After locating the line with "Bild: 9783435308767 |" in the entries below, output it and each following line up to and including the line with "Clematis photograph", exactly and without pictures.
+++ Source material +++
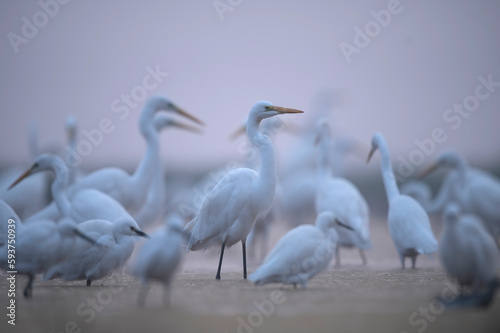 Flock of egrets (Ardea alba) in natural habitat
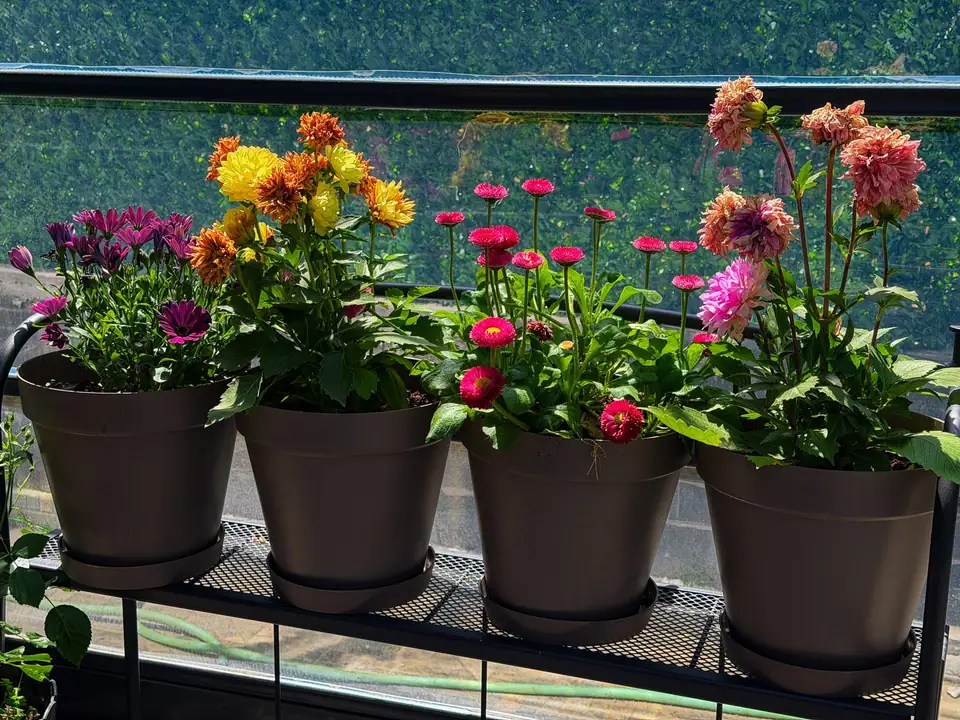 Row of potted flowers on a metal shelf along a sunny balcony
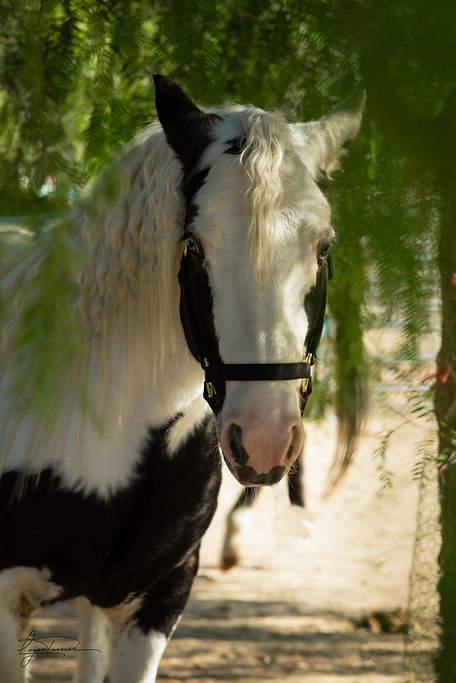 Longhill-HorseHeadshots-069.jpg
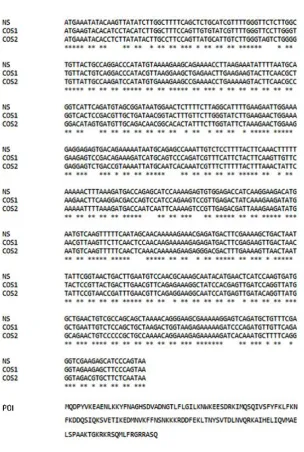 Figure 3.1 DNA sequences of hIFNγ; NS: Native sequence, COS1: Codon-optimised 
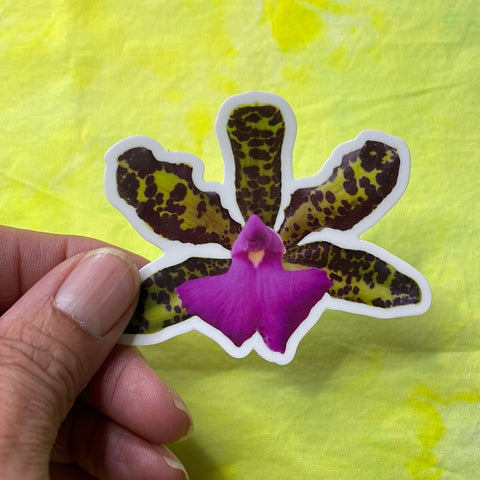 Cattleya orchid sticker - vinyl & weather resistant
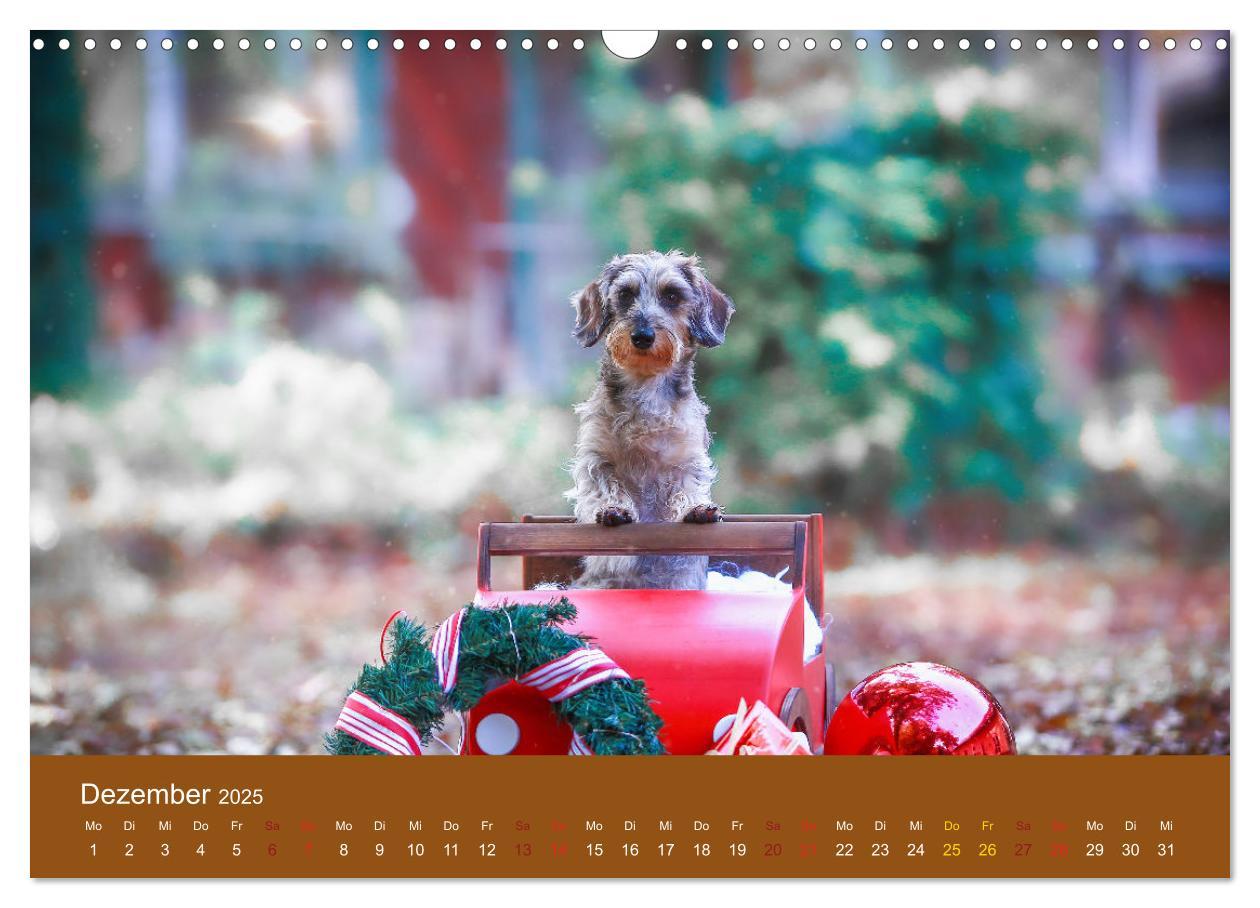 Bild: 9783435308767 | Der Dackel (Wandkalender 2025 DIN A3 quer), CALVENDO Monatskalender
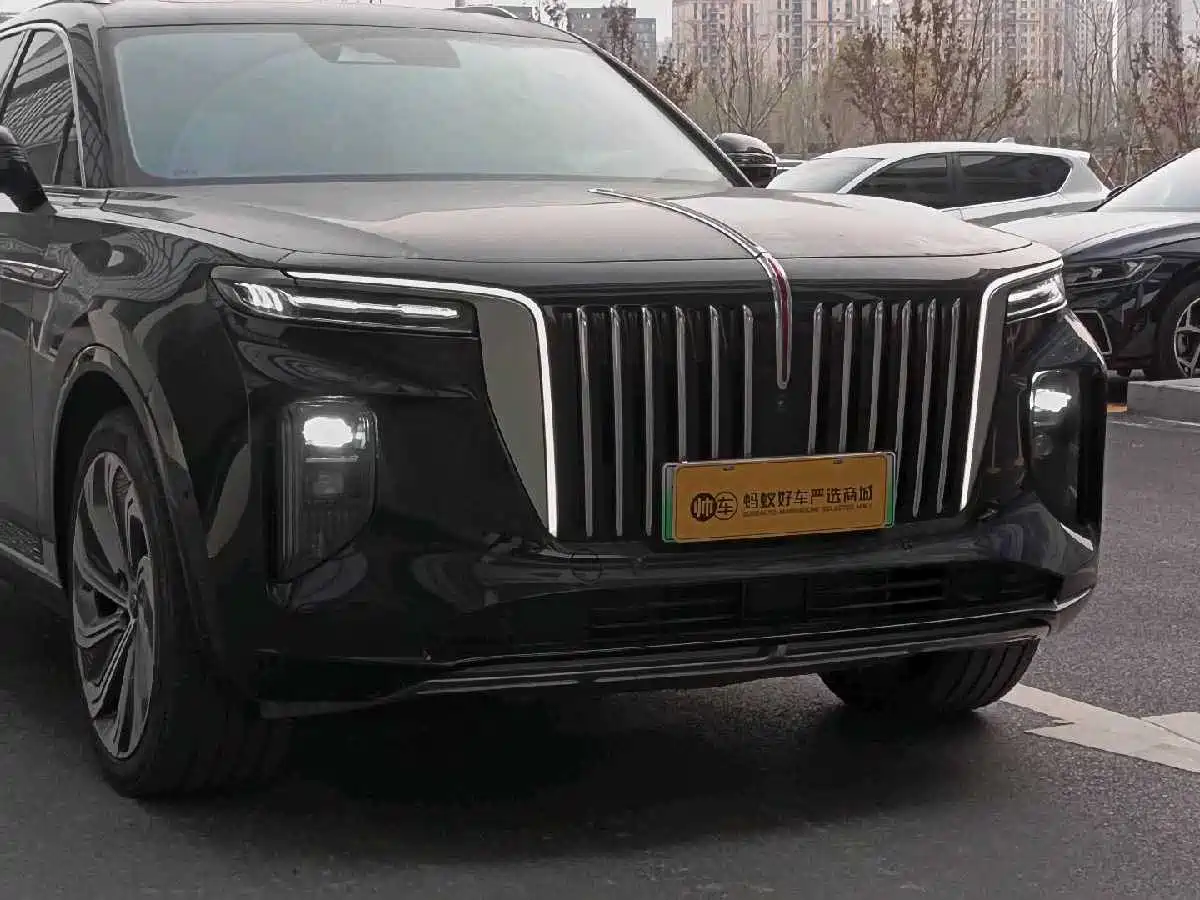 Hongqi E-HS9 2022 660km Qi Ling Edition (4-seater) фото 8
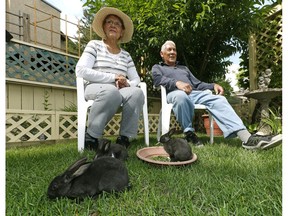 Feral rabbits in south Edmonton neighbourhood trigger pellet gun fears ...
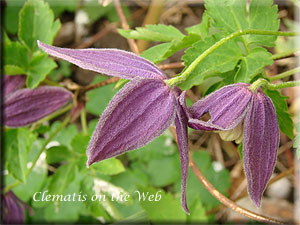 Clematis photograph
+++
+++ Source material +++
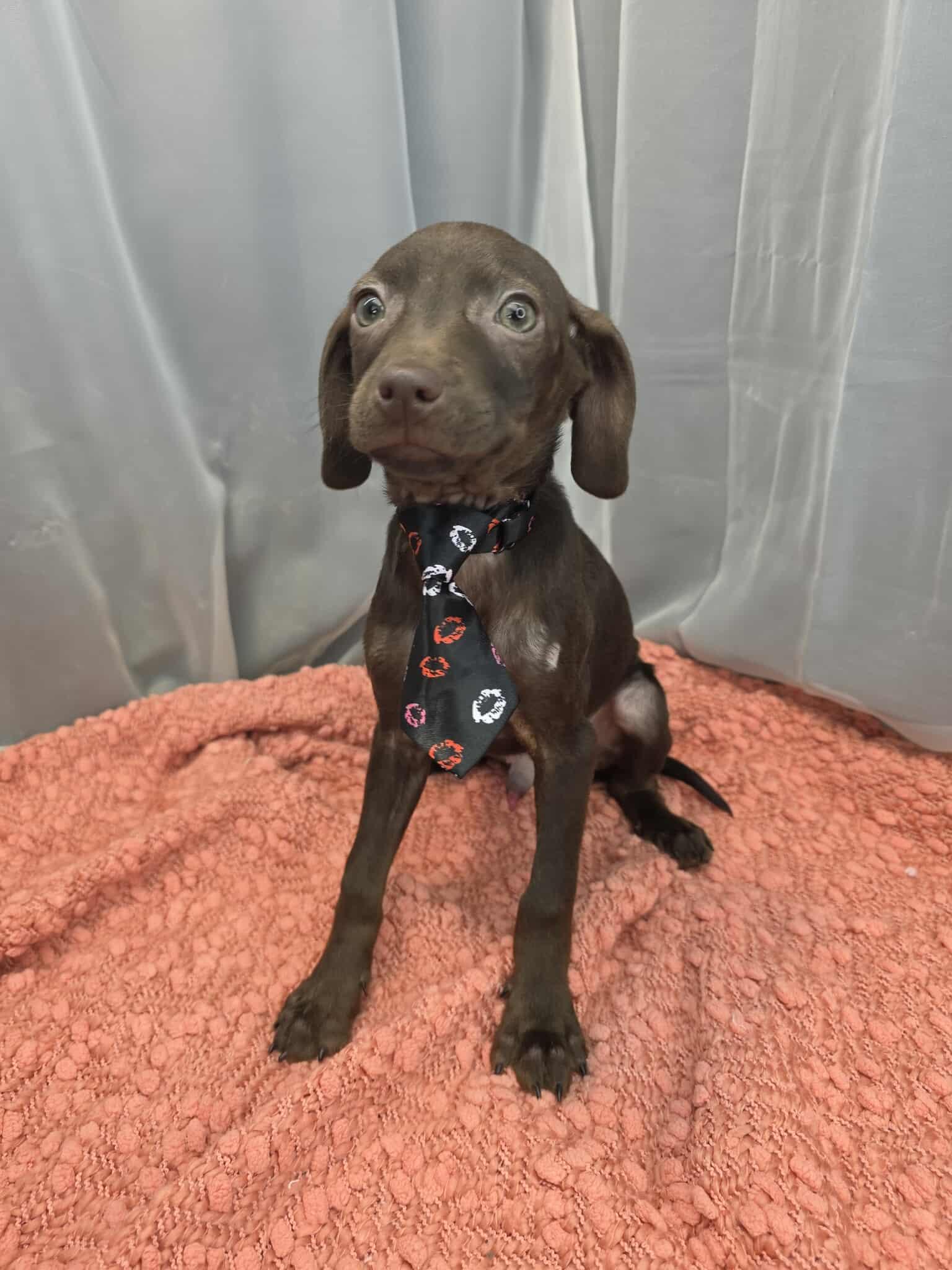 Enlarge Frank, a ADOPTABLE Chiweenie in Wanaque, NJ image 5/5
+++
Exercise output:
 Bild: 9783435308767 | Der Dackel (Wandkalender 2025 DIN A3 quer), CALVENDO Monatskalender
 Hongqi E-HS9 2022 660km Qi Ling Edition (4-seater) фото 8
 Feral rabbits in south Edmonton neighbourhood trigger pellet gun fears ...
 Clematis photograph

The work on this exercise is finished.